Tras un descenso que pareció durar una eternidad, llegaron al corazón del complejo. Una vasta caverna circular, una catedral profana tallada en la roca. Y en el centro, la fuente de la plaga.

No era solo un amplificador sónico. Era una monstruosidad, un altar de tecnología herética. Un núcleo de cristal oscuro, de una tecnología que parecía demasiado antigua y demasiado avanzada a la vez, estaba conectado a una serie de amplificadores, grandes conos de latón que vibraban con una energía disonante. Cables de bio-fibra se extendían desde el núcleo como venas, conectándose a nichos en las paredes de la caverna. Y en cada nicho, un miembro de la Iglesia Antigua de la Disonancia yacía en un trance febril, sus cuerpos conectados a la máquina, "alimentándola" con su fe, con su dolor, con su rechazo a la Sonata. Eran baterías humanas, sacrificando sus almas para dar poder a su evangelio de silencio.

La visión era tan grotesca como fascinante. Una fusión perfecta de fe arcaica y tecnología de vanguardia.

«El origen de la frecuencia Penitencial», susurró Elric. «Están usando a los fieles como el combustible de su propia aniquilación».

«Necesitamos desactivar el núcleo», dijo Argent, su voz pragmática rompiendo el hechizo. «Cortar la fuente de energía debería causar un colapso en cascada».

Cuando dieron el primer paso hacia el altar, las sombras se movieron. Dos figuras emergieron de la penumbra junto a la máquina.

Uno era un Penitente estándar, un "Guardia". Un horror de acero, hueso y disonancia pura, sus extremidades terminadas en garras afiladas. Pero el otro… era peor.

Padre Malachias. Había sobrevivido. Su transformación era completa. Era más grande que el otro, su cuerpo una armadura barroca de óxido y espinas, y en el lugar donde debería estar su rostro, ahora solo había un vórtice de energía sónica negra, un agujero en la realidad que susurraba promesas de dolor. El mártir había ascendido a su propia versión del cielo: un infierno de agonía eterna.

«Falsos Profetas», resonó su voz, no desde su boca, sino desde todas partes a la vez. «Han venido a profanar el sagrado sacramento del silencio».

La batalla estalló sin más preámbulos.
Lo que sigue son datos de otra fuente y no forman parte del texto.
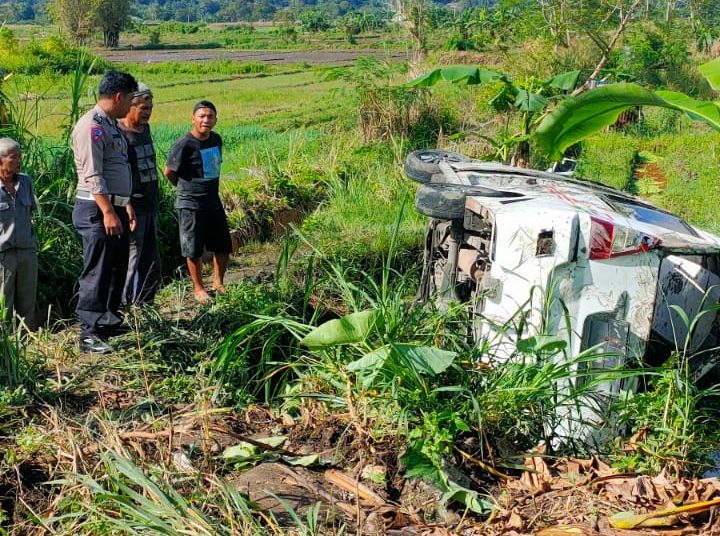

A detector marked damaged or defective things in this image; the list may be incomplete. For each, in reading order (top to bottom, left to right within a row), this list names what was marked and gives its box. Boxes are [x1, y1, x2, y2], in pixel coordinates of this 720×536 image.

crashed minivan [404, 149, 720, 434]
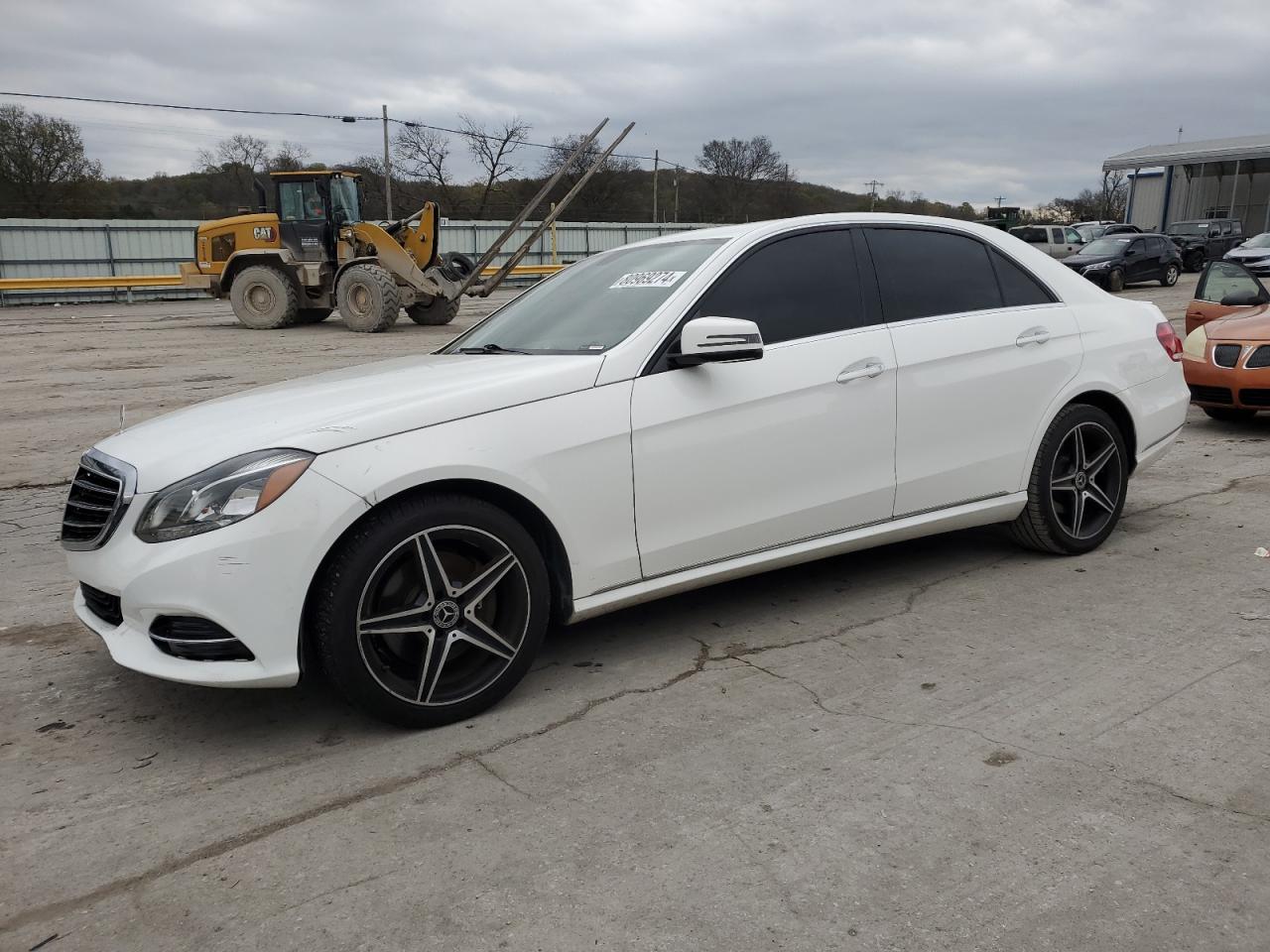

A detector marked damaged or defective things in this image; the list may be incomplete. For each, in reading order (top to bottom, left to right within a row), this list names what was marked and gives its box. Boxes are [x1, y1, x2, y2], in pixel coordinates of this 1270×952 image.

crack in concrete [0, 645, 715, 934]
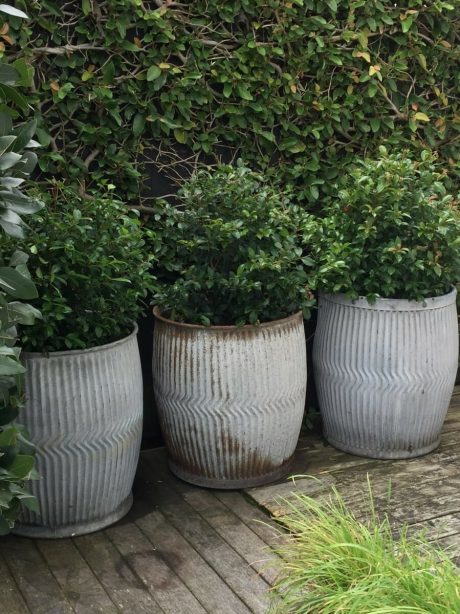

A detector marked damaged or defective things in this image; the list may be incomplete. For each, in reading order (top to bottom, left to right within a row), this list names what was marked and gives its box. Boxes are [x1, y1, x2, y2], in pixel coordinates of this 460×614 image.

rusty metal planter [13, 328, 143, 540]
rusty metal planter [153, 312, 308, 490]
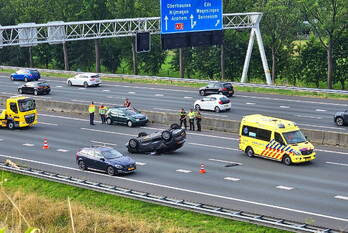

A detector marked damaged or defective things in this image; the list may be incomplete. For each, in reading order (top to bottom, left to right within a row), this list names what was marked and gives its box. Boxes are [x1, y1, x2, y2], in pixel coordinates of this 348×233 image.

overturned car [126, 123, 186, 154]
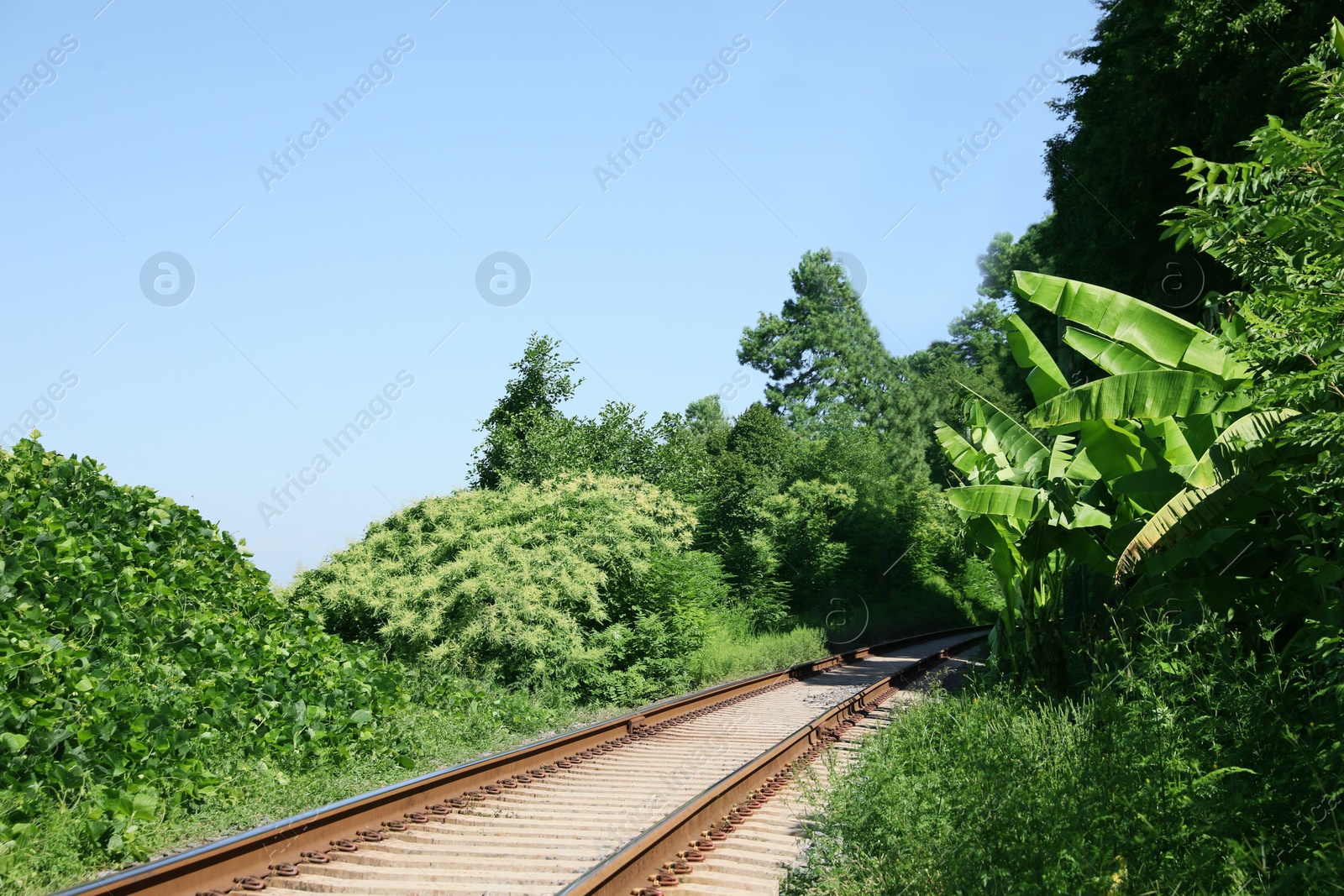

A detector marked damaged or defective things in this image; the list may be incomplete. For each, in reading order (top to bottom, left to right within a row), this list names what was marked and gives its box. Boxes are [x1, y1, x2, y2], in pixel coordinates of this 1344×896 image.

rusty rail [55, 628, 989, 896]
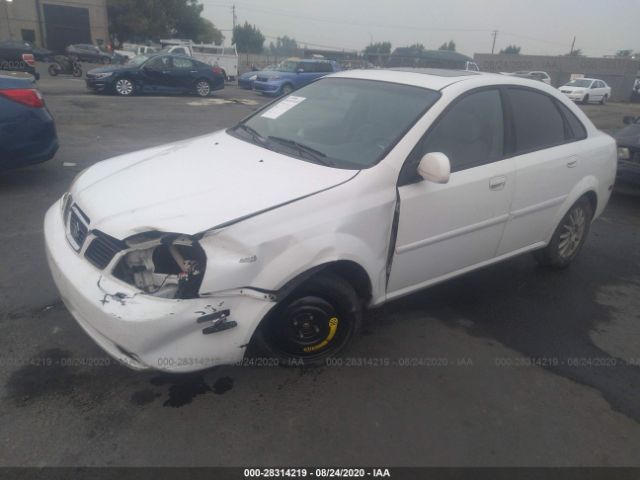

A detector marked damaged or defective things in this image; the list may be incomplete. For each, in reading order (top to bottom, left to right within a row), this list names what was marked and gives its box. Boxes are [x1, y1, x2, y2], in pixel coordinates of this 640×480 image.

cracked headlight area [112, 233, 208, 300]
crushed front bumper [44, 199, 276, 372]
damaged hood [72, 130, 360, 239]
damaged white sedan [43, 70, 616, 372]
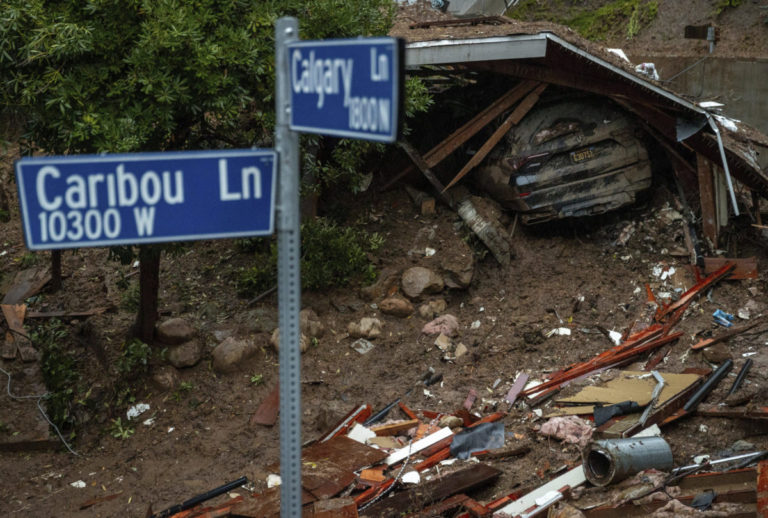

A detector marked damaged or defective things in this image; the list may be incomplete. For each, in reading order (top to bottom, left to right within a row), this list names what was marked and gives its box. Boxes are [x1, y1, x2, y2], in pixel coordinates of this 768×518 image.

damaged roof [390, 10, 768, 201]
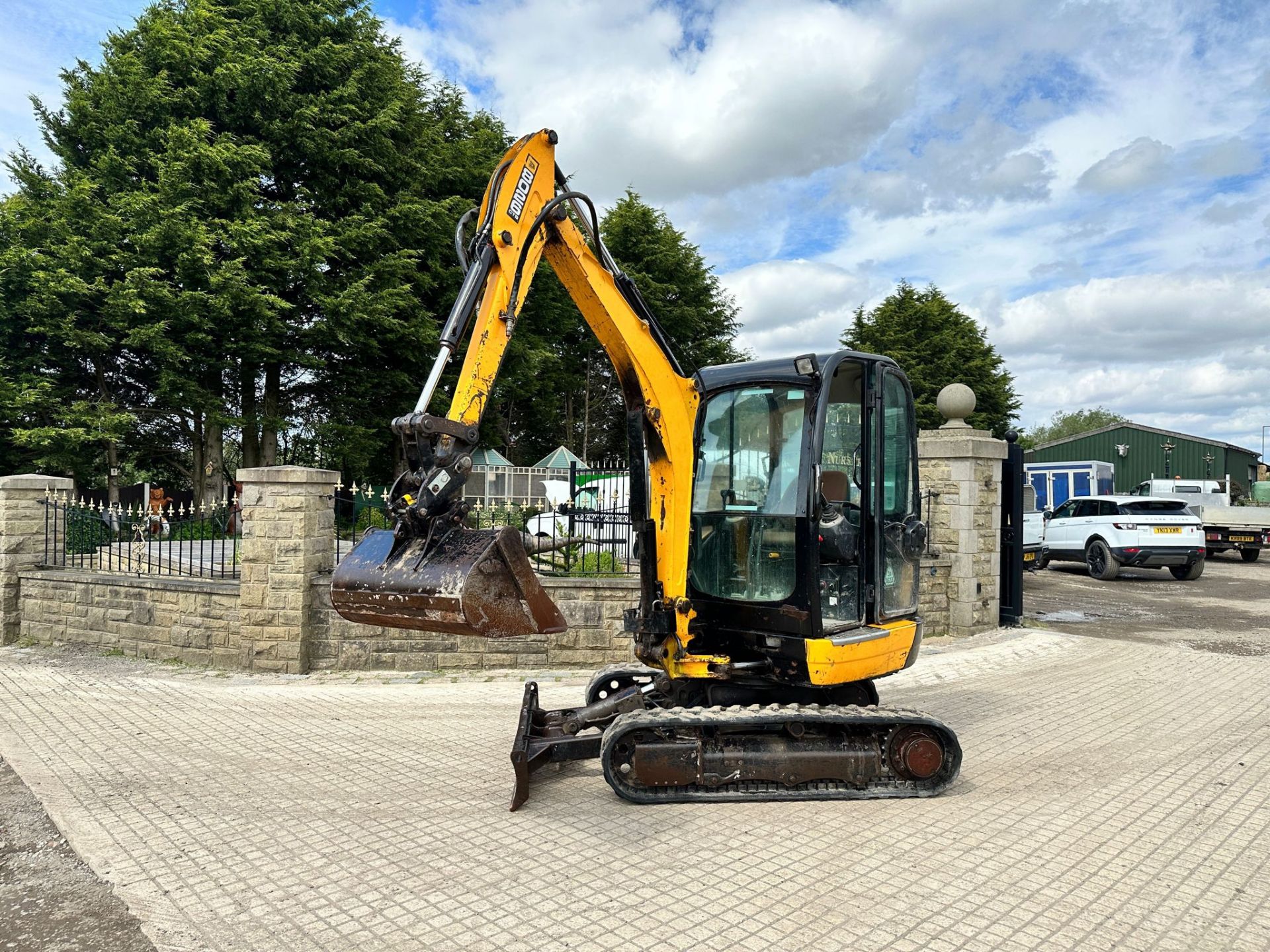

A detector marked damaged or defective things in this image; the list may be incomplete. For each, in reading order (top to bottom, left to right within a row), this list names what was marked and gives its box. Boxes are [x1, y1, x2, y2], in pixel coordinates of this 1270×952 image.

rusty excavator bucket [332, 521, 566, 640]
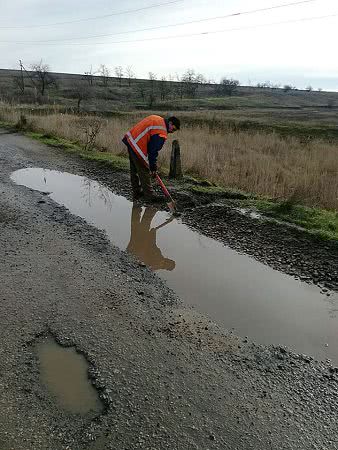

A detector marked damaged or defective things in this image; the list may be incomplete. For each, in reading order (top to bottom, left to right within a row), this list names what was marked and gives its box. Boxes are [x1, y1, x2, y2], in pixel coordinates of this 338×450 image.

water-filled pothole [11, 169, 338, 366]
pothole [36, 338, 103, 414]
water-filled pothole [37, 338, 103, 414]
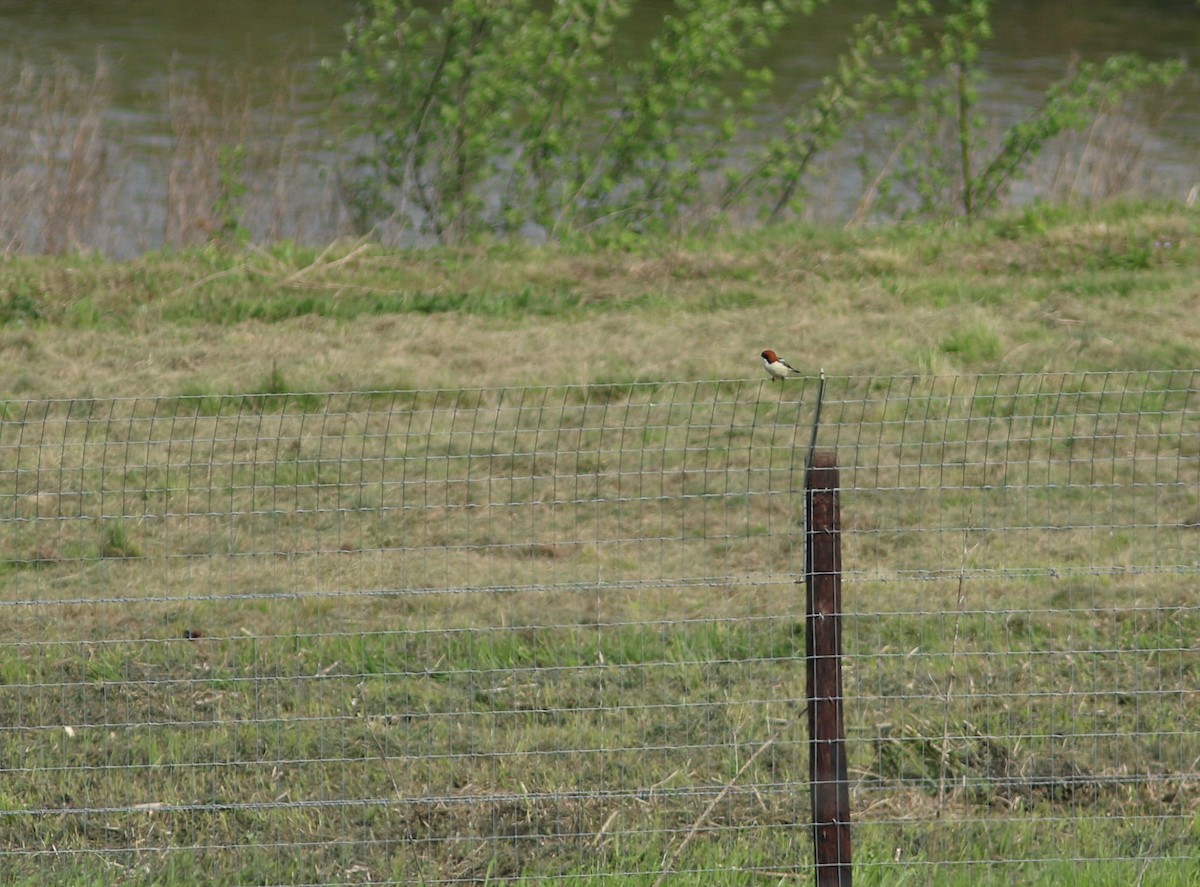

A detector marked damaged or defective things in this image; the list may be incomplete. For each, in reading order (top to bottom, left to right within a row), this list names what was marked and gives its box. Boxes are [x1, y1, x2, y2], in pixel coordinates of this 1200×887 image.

rusty metal post [806, 453, 854, 883]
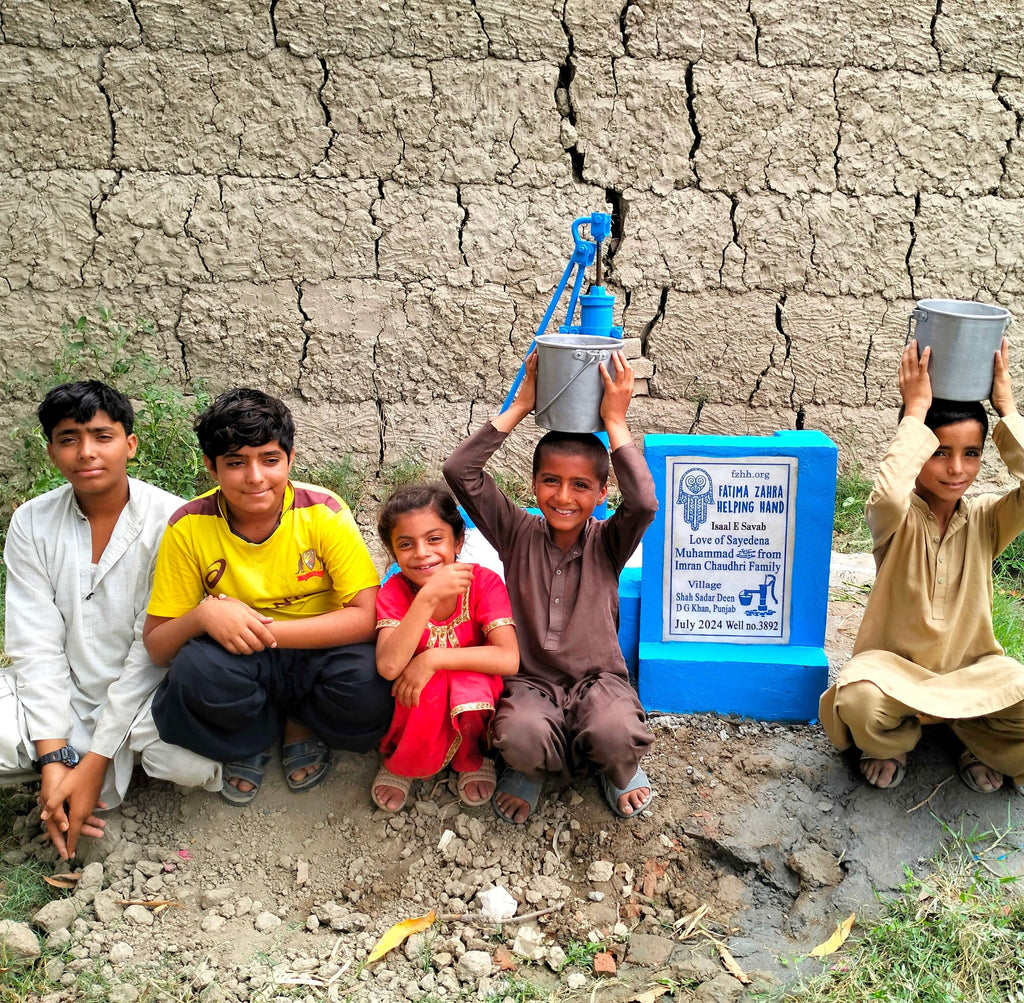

Fue una tormenta.

El Penitente Guardia se lanzó contra Weber y Argent. Weber respondió con una melodía simple, no de ataque, sino de interferencia, una frecuencia aguda diseñada para confundir los sensores primarios de la criatura. Argent, a su lado, era un torbellino de precisión, su Aphon no golpeando, sino tocando puntos clave en la armadura de la criatura, enviando pulsos de silencio que hacían que su bio-metal se contrajera de dolor.